# Cut deficit Boost economy



## dewdrop (23 Apr 2012)

This mantra has often been repeated in this country and now i hear the likely new French President has it as one of his key objectives. Perhaps i am naive but i am puzzled how this can be achieved. Put simply cutting the deficit usually results in reducing domestic spending as we all well know  and this then stagnates growth. I feel one can only hope that demand from non EU countries like China will do the trick?


----------



## Chris (23 Apr 2012)

Maybe you could point to one country that has managed to spend its way out of a financial mess. 
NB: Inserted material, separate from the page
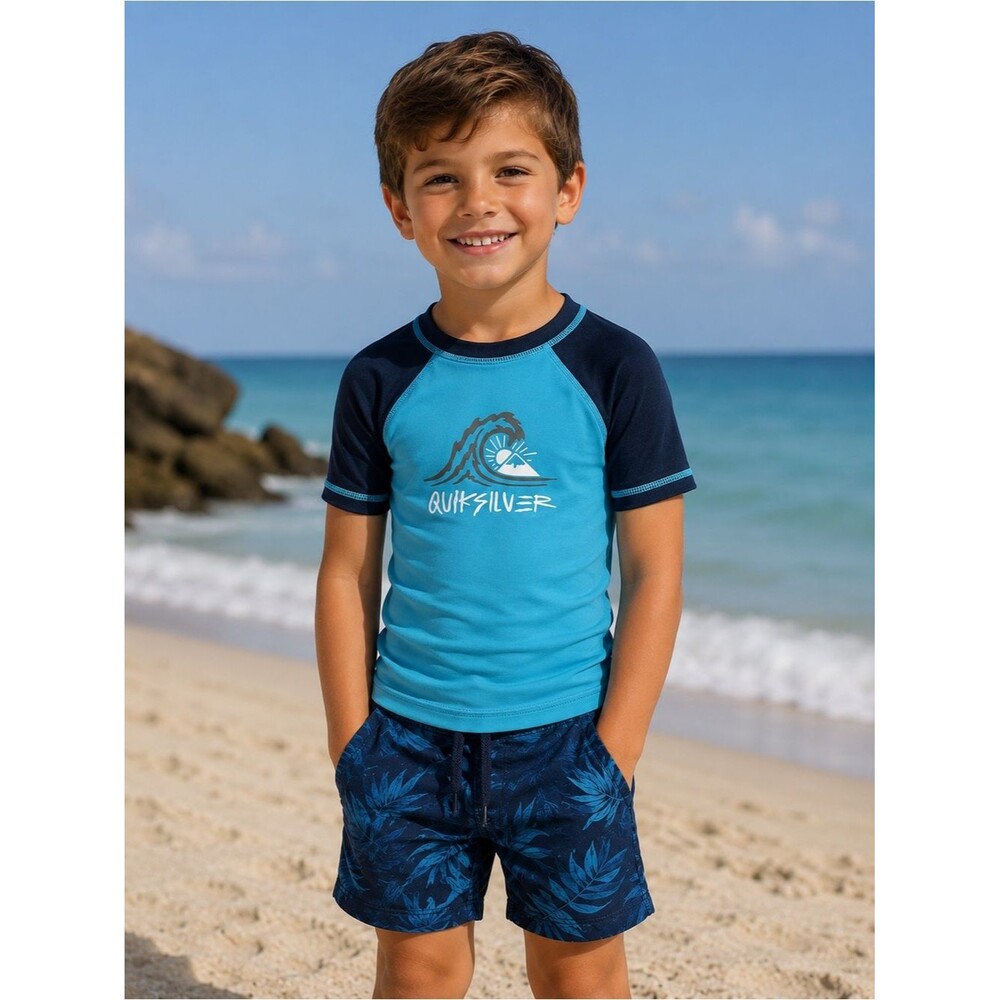 Quiksilver Boy Girl Toddler Short Sleeve UPF 50 Rash Guard Beach Swim Shirt 6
When governments spend money it has to be taken from somewhere because governments do not have money of their own. Either they find their spending through immediate taxation, or through deferred taxation, i.e. borrowing. Either way there is no net benefit from government spending as any mi ey put into the economy is also taken out. 
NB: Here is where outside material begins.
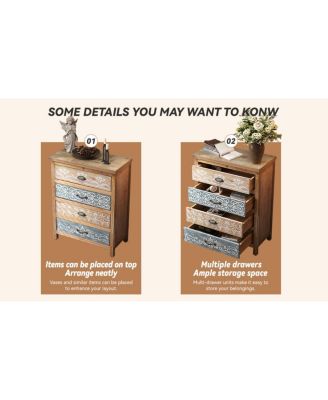  Vintage 4-Drawer Chest with Distressed Wood & Ornate Pattern Design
Ireland is currently financing spending is the worse of the two options, i.e. through borrowing. The negative impact of deficit spending is two fold, (a) there is less credit available for the productive sector and (b) the money has to be paid back plus interest thus increasing the need for higher future taxation.

Economic crises have never been solved through increased spending, this has only ever led to prolonging of the crisis.


----------



## Brendan Burgess (23 Apr 2012)

Dan O'Brien had an excellent, balanced article on the topic in Friday's Irish Times

[broken link removed]




> “I put austerity first. Only austerity can give back growth.” So said Alex Stubb, Finland’s minister for European affairs.
> 
> 
> Nobel  prize-winning economist Paul Krugman stated with similar assuredness  that staying the austerity course in Europe was akin to economic  suicide.
> ...


----------



## dewdrop (23 Apr 2012)

In reply to Chris i get the impression that it is suggested that both actions can be achieved at the same time which was what i intended to raise in my OP


----------



## Chris (3 May 2012)

dewdrop said:


> In reply to Chris i get the impression that it is suggested that both actions can be achieved at the same time which was what i intended to raise in my OP



The initial effect of cutting spending, whiteout cutting taxation, would be a reduction in GDP, purely because of the way GDP is calculated. Whether or not GDP or GNP are good or relevant measures of how well an economy is doing is a hold other debate.

At this stage in Ireland's case there is no way of getting to a long term recovery of the economy without pain, the question is how organized or disorganized that is going to be.


----------